[[ DATA EXTRACT, beginning ]]
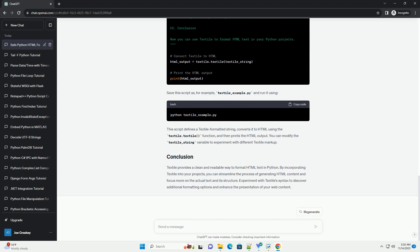This script defines a Textile formatted string, converts it to HTML using the textile.textile function, and then prints the HTML output. You can modify the Textile underscore string variable to experiment with different Textile markup.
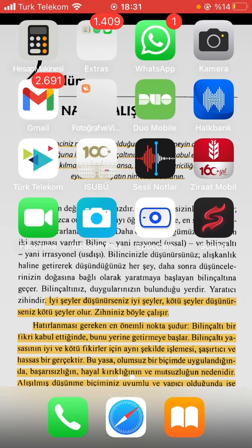Hi everyone, today I'm gonna be telling you about how you can install IPA files in 3 minutes on iOS devices. I should also point out that on Android devices, these are called APK files instead of IPA.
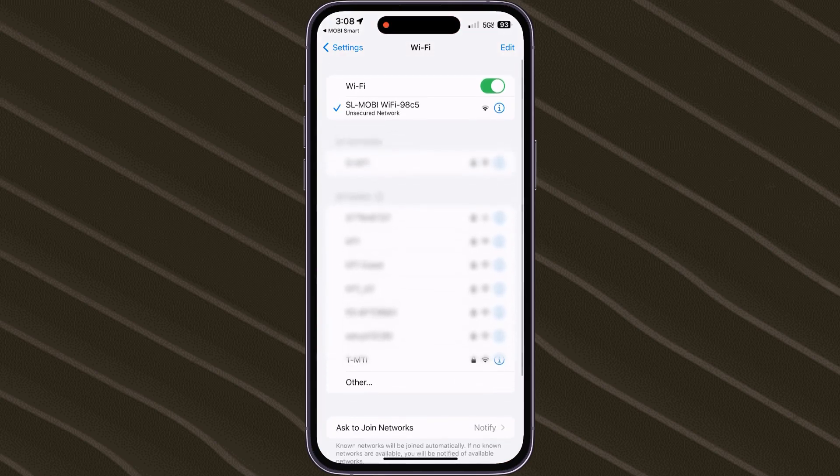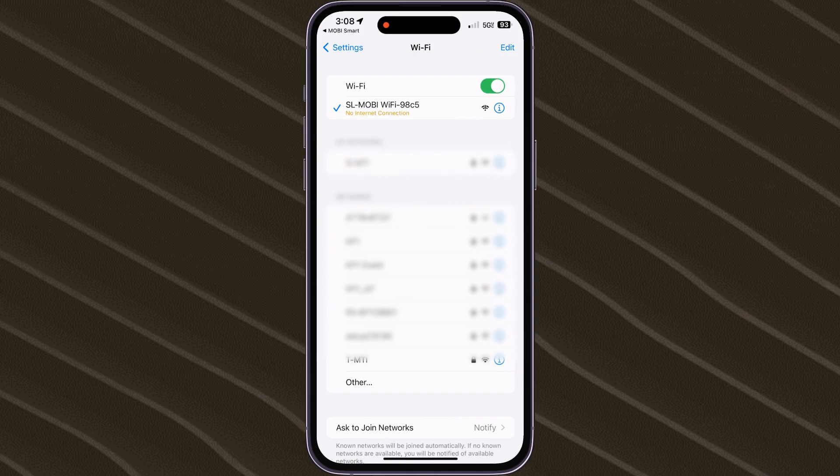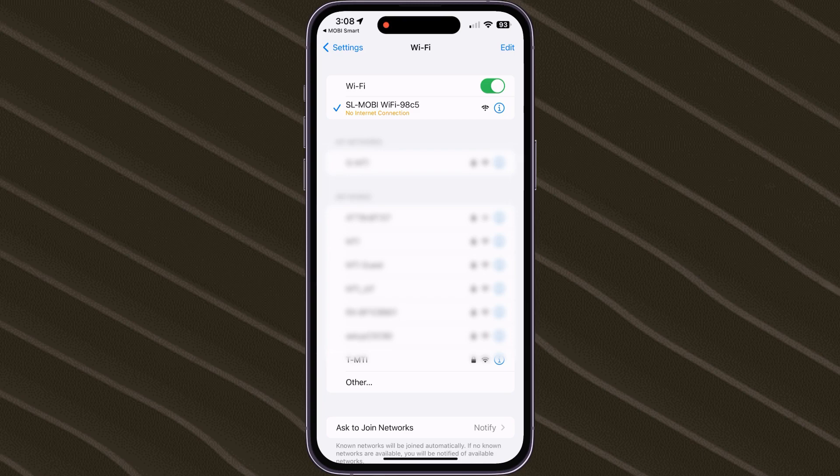After connecting, if your smartphone says No Internet Connection or Connected Without Internet, that's the indicator that we have successfully connected to the Otoscope's hotspot connection.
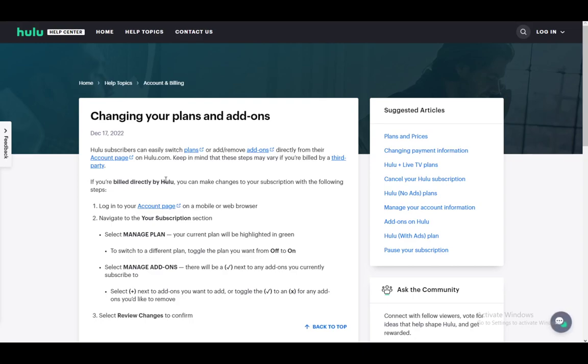Hey everybody, what is going on? I hope you guys are all doing well and welcome to another tutorial video. In this video, I'll be explaining to you guys how you can upgrade your Hulu subscription, so let's get right into it.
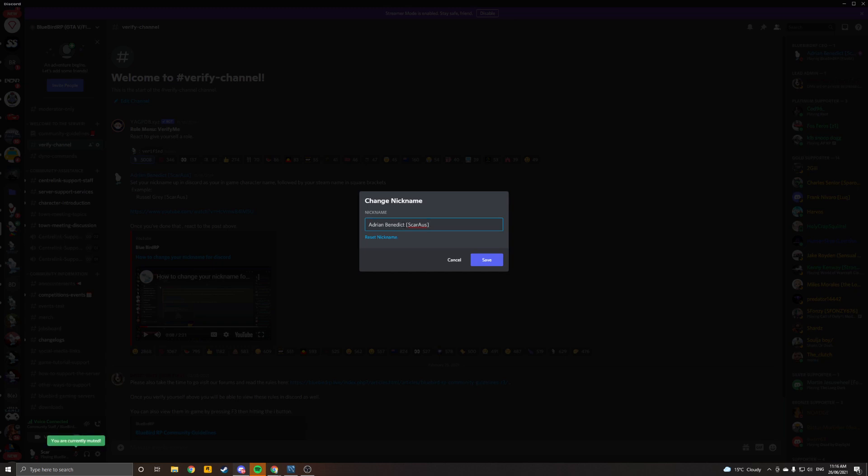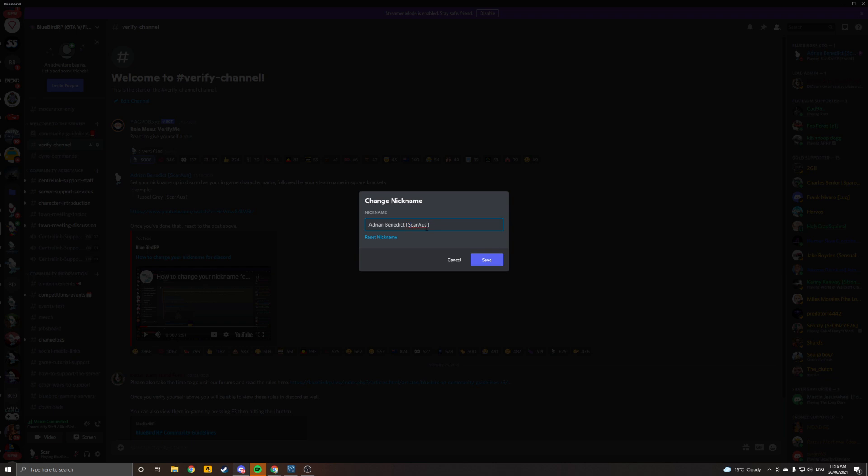You click that, put your in-game character name here on the left, and then in square brackets, not curly, curved, whatever, square brackets, put your Steam name here.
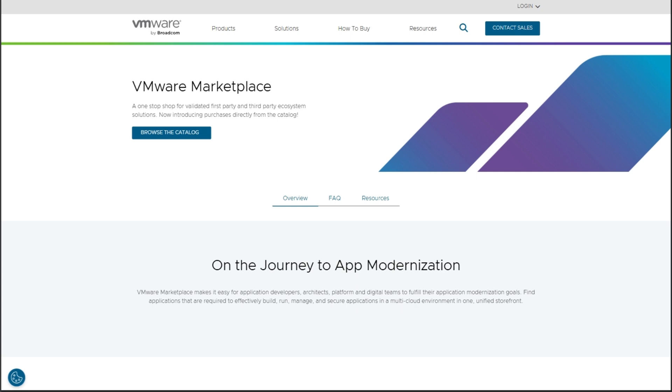That's it. Parallels for premium speed and polish, VMware Fusion for free, solid gaming. Your call. Game on.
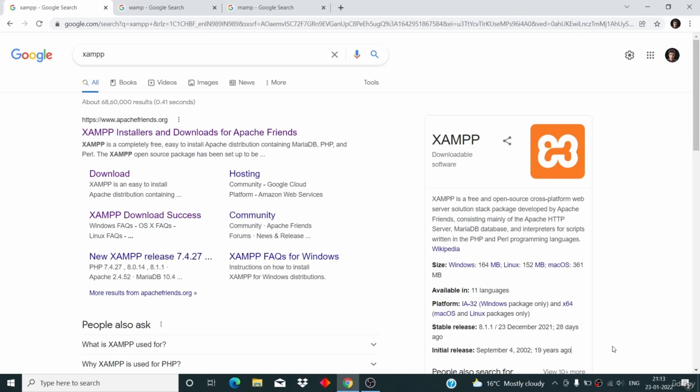So it's a complete package which has all the things required to run WordPress. If you did not understand the technical answer, just understand that a localhost is a complete package which contains the Apache server and the MySQL server required to run WordPress, or simply a software which contains everything needed to run WordPress.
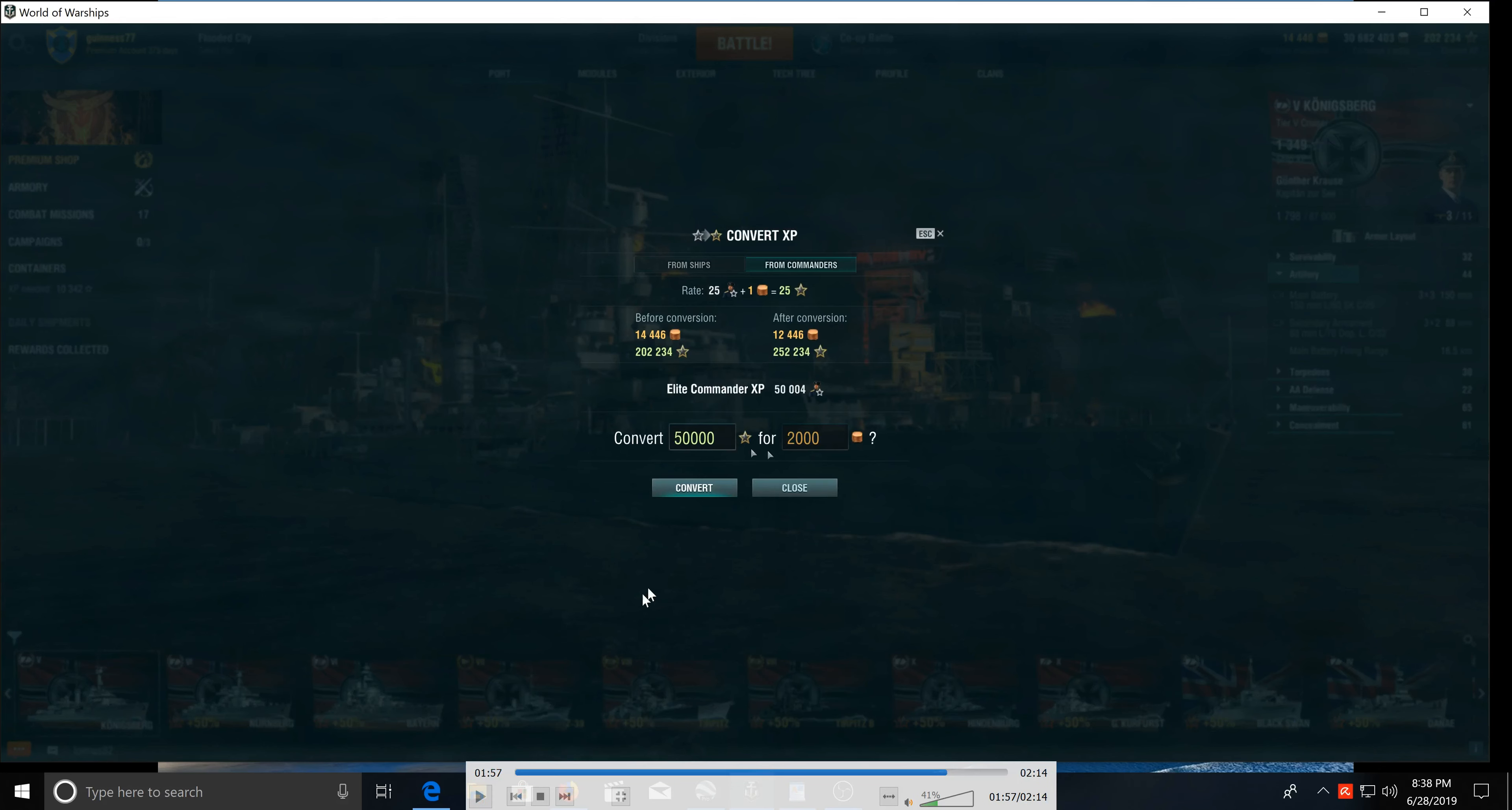You can convert from commanders their skill for ships or stuff you can spend on ships.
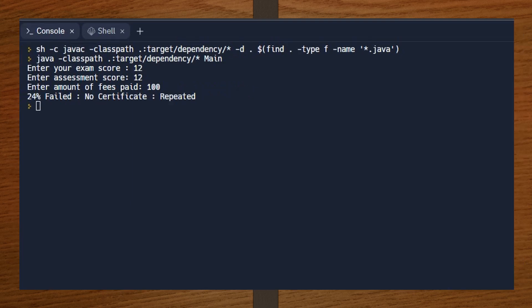For the last test case, I scored 12 on the exam and 12 on the assessment, but I have fully paid my fees. It says 24% failed, no certificate, and I will be repeated. That's it for this video — show some love by hitting the like and subscribe button. Until next time!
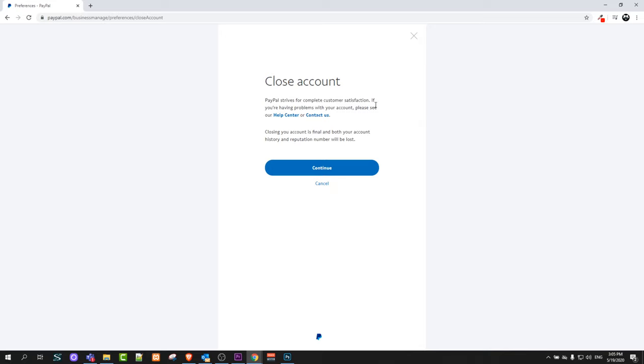And here click continue. Like I said I will not be closing my account but you just continue these steps guys and you will be able to delete your PayPal account.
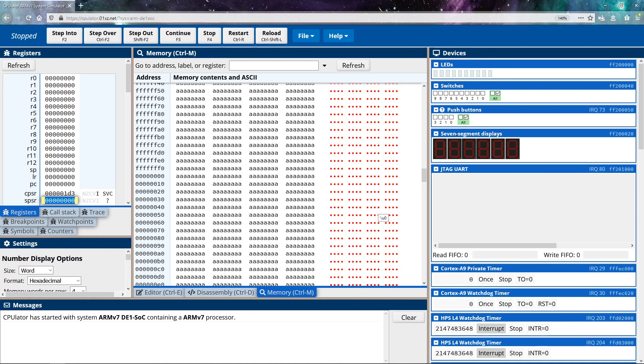So this gives you a general overview of some of the important components that we need to start programming in ARM assembly. And in the next video, we'll take a look at how to create a really basic assembly program. So that's what we'll take a look at next. We'll see you next time.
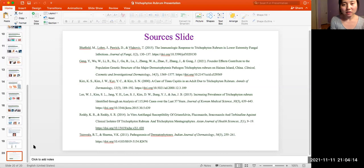Here's my source slide. That concludes my presentation of Trichophyton rubrum. Trichophyton rubrum overall is important in microbiology because a majority of dermatophyte fungal infections are caused by Trichophyton rubrum, which is why it is studied extensively in microbiology. Thanks for watching my presentation.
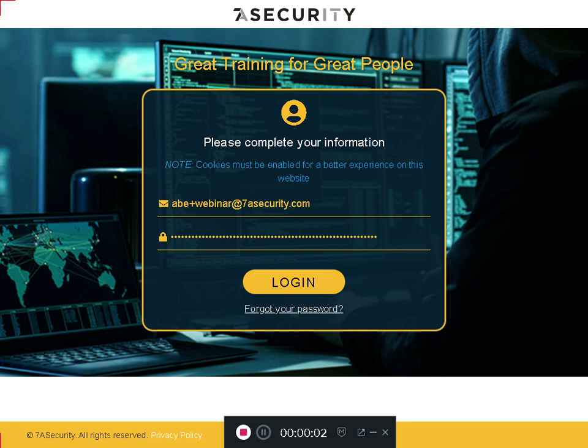People are asking about how they know their referral code. When you access the training portal on 7eSecurity, you have a referral code with which you can earn credits in US dollars.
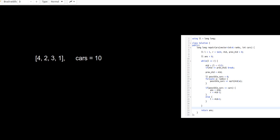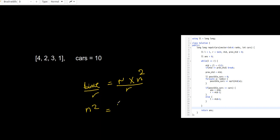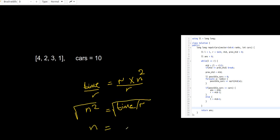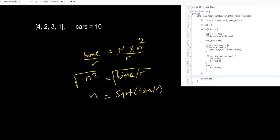Now how can we solve this problem? Assume the time required to fix n cars by some mechanic equals r × n², where r is the rank. If we divide both sides by r, then n² = time / r. Taking the square root of both sides, n = √(time / r), where n represents the number of cars that can be repaired by the mechanic of rank r. In the code, time is represented as 'mid' and r is 'a'.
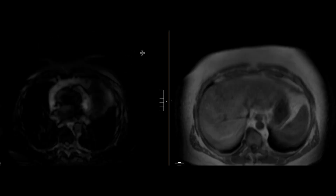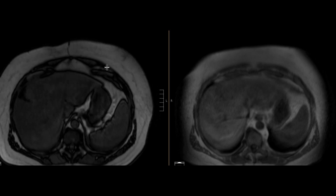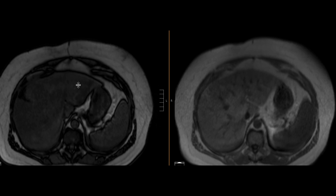So here we have the MRI images. I'm going to go straight to the T1 in and out-of-phase sequence. We can see the out-of-phase sequence with the India ink artifact at the interface of fat and water. This is the in-phase sequence on this patient, and we can see that on the in-phase sequence the liver is brighter than the spleen, as we would expect, but in the out-of-phase sequence it is the same to darker signal in certain areas compared to the spleen.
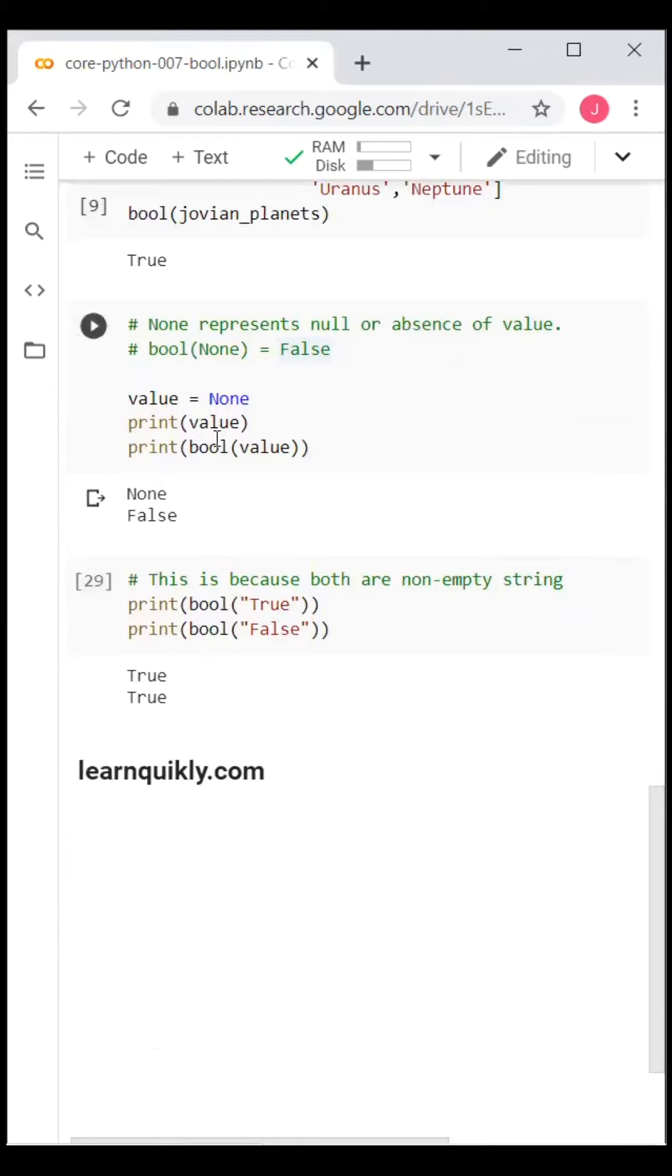The Boolean of None is False. Finally, the Boolean of both "True" and "False" (as strings) is True, because Python treats both as non-empty strings.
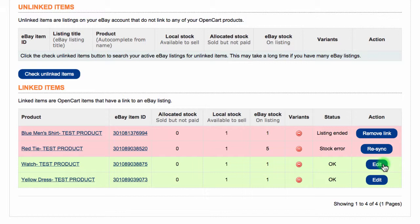If you have any products with errors, they will be highlighted in red to make it easier to see. There are a few types of errors that your product may have. For example, a stock error is where the product stock levels do not match.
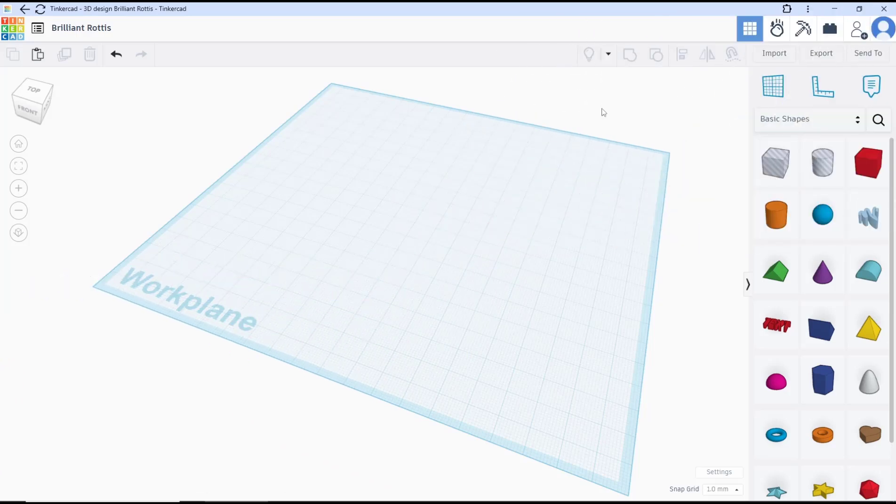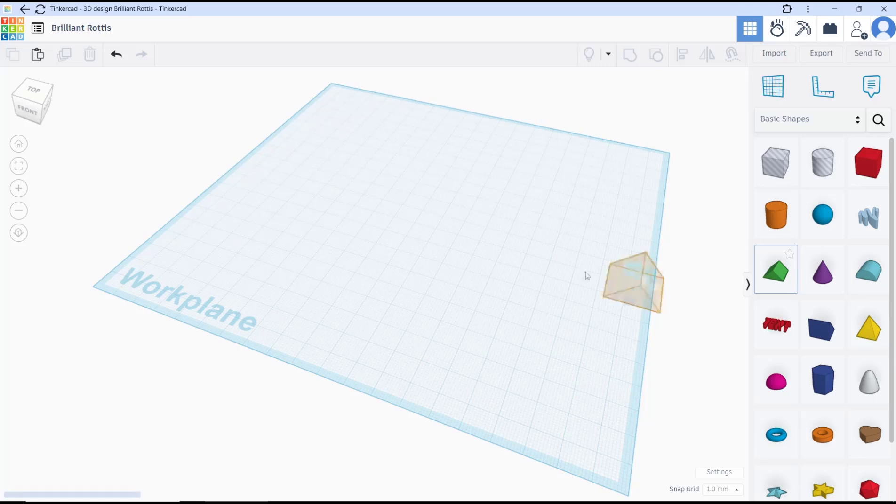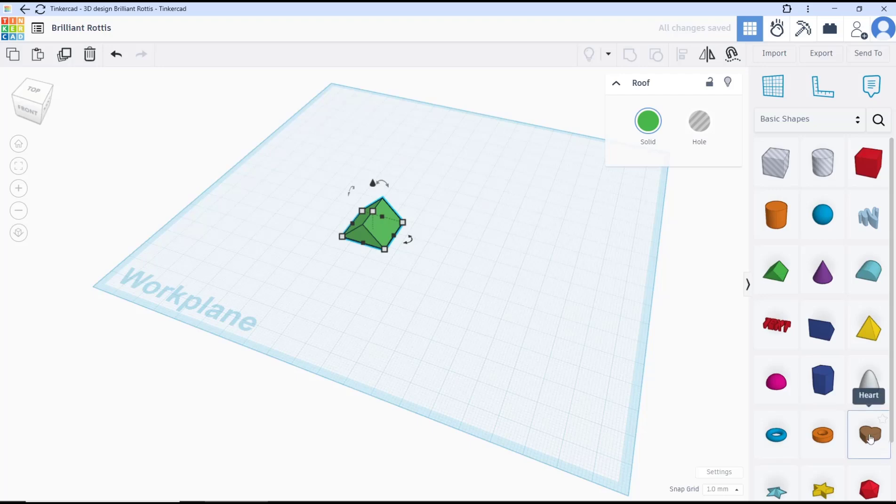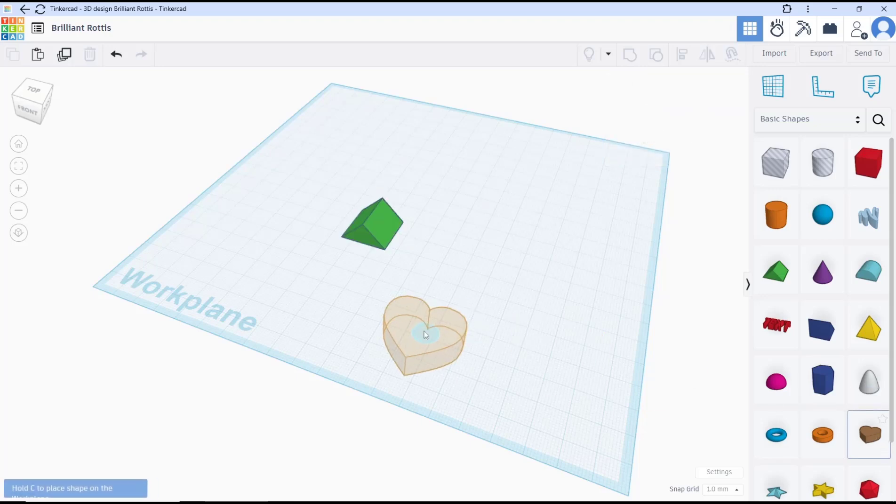Hello everyone, today we are going to learn basic Tinkercad tutorial on how to subtract. As an example, I will insert this roof and I will insert the subtract object. I will use this heart shape and I will click at this point.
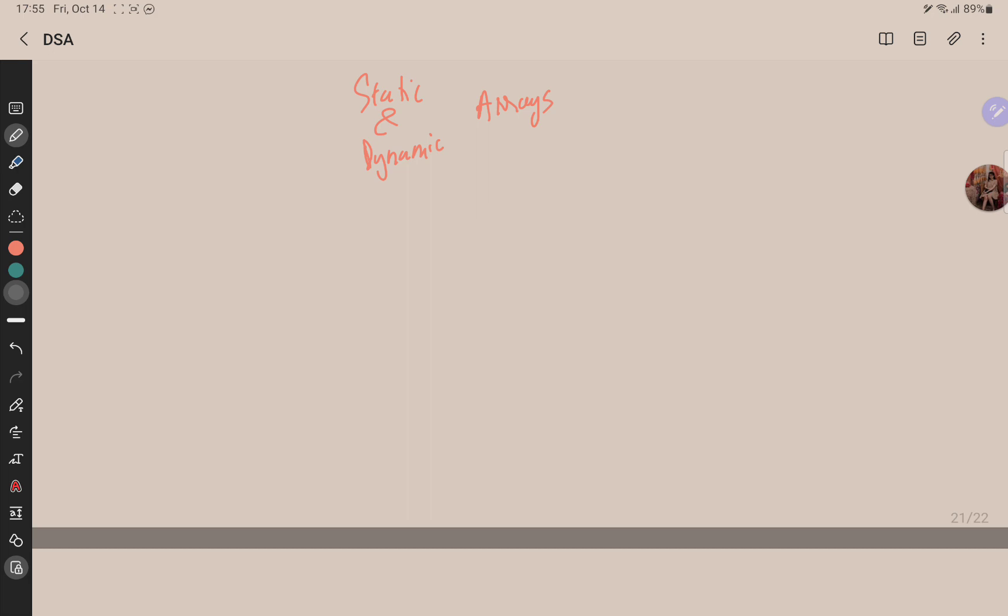An array created at compile time by specifying the size of the code as a fixed size and cannot be modified at runtime. Normally we create an array and at runtime we cannot change anything.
[[ DATA EXTRACT, end ]]
_TO DO_.
Although pictures appear among the records above, none are to be output; print exactly the lines from the line containing "And here click" through the line containing "Here's my source".

_RESPONSE AREA_.
And here click continue. Like I said I will not be closing my account but you just continue these steps guys and you will be able to delete your PayPal account.
So this gives you a general overview of some of the important components that we need to start programming in ARM assembly. And in the next video, we'll take a look at how to create a really basic assembly program. So that's what we'll take a look at next. We'll see you next time.
Here's my source slide. That concludes my presentation of Trichophyton rubrum. Trichophyton rubrum overall is important in microbiology because a majority of dermatophyte fungal infections are caused by Trichophyton rubrum, which is why it is studied extensively in microbiology. Thanks for watching my presentation.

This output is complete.